Bu işlem iki eksenli moleküler oryantasyon yöntemiyle şişe gibi nesnelerin yapımını içerir. Oryantasyon PET'i gererek gerçekleştirilir ve neden bu yöntemin uygulandığına dair iki temel sebep vardır:
a. Germe daha ince ve daha homojen yan duvar elde edilmesini, böylece daha ucuz kaplar üretilmesini sağlar.
b. Germe oryantasyonu ile fiziksel ve bariyer özelliklerde önemli bir gelişim kaydedilir.
Başka bir deyişle oryantasyon polimer zincirlerinin aynı doğrultuda dizilmesidir. (Şekil 5.)

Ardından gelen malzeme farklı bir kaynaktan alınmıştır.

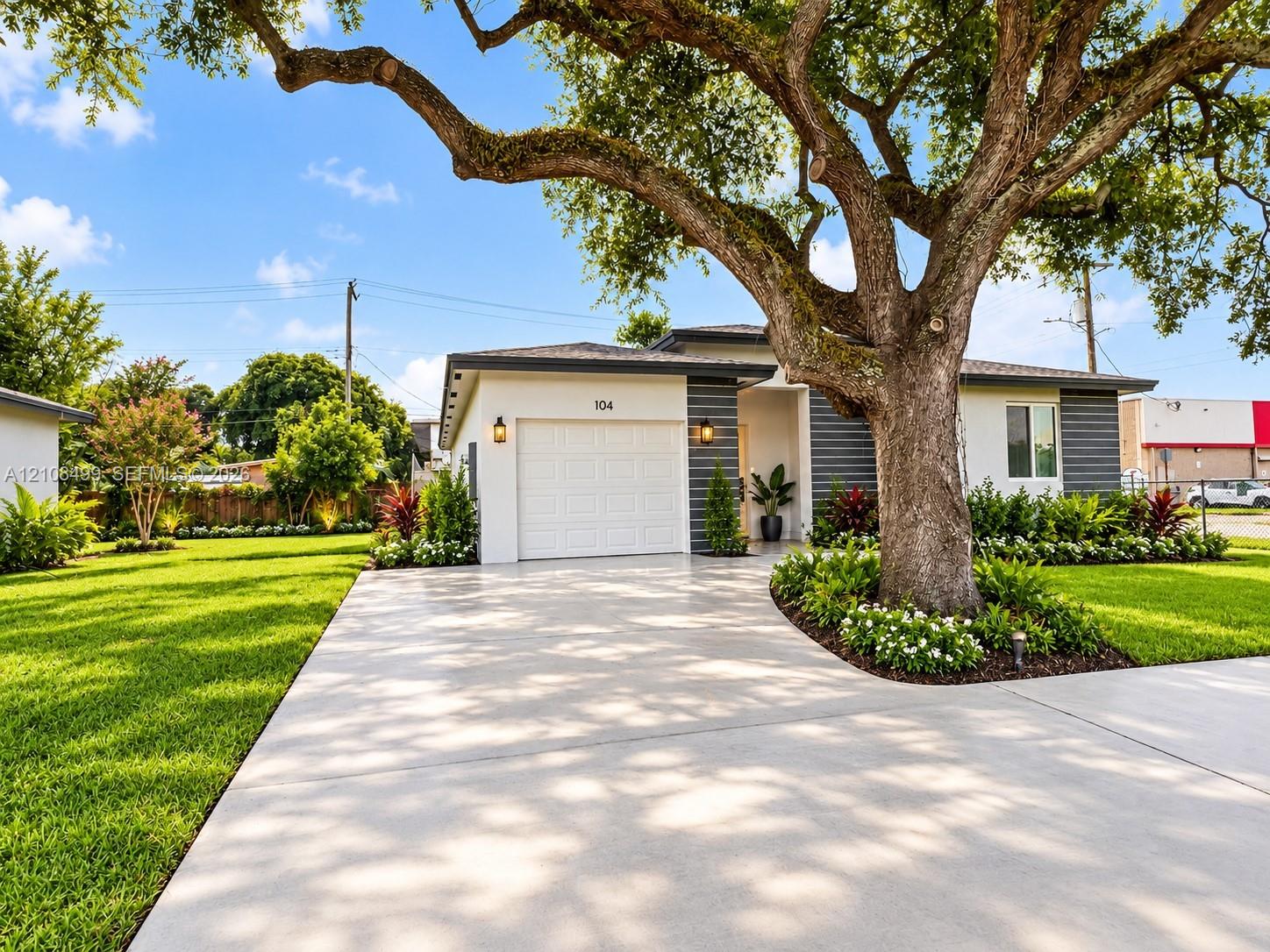 Exterior featuring a concrete driveway, attached garage, mature landscaping, and horizontal siding accents
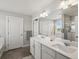 Bathroom with double sink vanity, large mirror, and glass shower at 8346 E 132Nd Dr, Thornton, CO 80602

PET için tipik gerilme davranımı Şekil 6'da gösterilmiştir. Malzemeye güç uygulandığında oldukça küçük bir gerilmenin görüldüğü bir bölge mevcuttur(A). Burada elastik bir malzeme gibi davranan PET'e sadece küçük bir germe uygulanıp bırakıldığı takdirde tekrar eski boyutuna çekecektir. Germe işlemi esneklik sınırını geçmek üzere devam ederse point (B), elastik malzeme esnemeye ve incelmeye başlayarak kalıcı deformasyona uğrar Bunu, gerilmenin devam ettiği bir bölge takip edeken bu bölgedeki kuvvetin şiddeti sabit kalır (C). Malzeme kendi doğal esneme oranını (NSR) geçecek şekilde gerildikten sonra (D) daha fazla esneme için uygulanması gereken kuvvette büyük bir artış gerekmektedir. Bu gerinim sertleşme bölgesi olarak bilinir (E). Burası maksimum oryantasyonun elde edildiği ve fiziksel özelliklerdeki artışın en üst seviyede görüldüğü yerdir. Bu nedenle germeli üfleme kalıplama işlemi esnasında doğal esneme oranının hafifçe geçilmesi oldukça kritiktir (Şekil 6)
Gerilme-gerinim eğrisinin şeklini ve haliyle Doğal Esneme Oranını etkileyen dört ana faktör vardır: İçsel Vizkosite (IV), eşpolimer seviyesi, PET'in sıcaklık ve nem seviyesi. Aşağıdaki Şekil 7, 8, 9, 10'da bu faktörlerin her birinin NSR üzerine etkisi görselleştirilmiştir.
Germeli üfleme kalıplama işleminde preform, istenen sıcaklığa geri getirildikten sonra üfleme kalıbının içerisine yerleştirilir (Şekil 11-A)
Ardından ön üflemeli (düşük basınçlı) hava içeri verilir. Basınç preform içerisinde oluşmaya başladığında başlangıçta preform'un ortasında anevrizmaya benzer küçük bir genişleme görülür (Şekil 11-B)
Bu genişleme, ön bir şişe formu oluşuncaya kadar devam eder. (Şekil 11-C)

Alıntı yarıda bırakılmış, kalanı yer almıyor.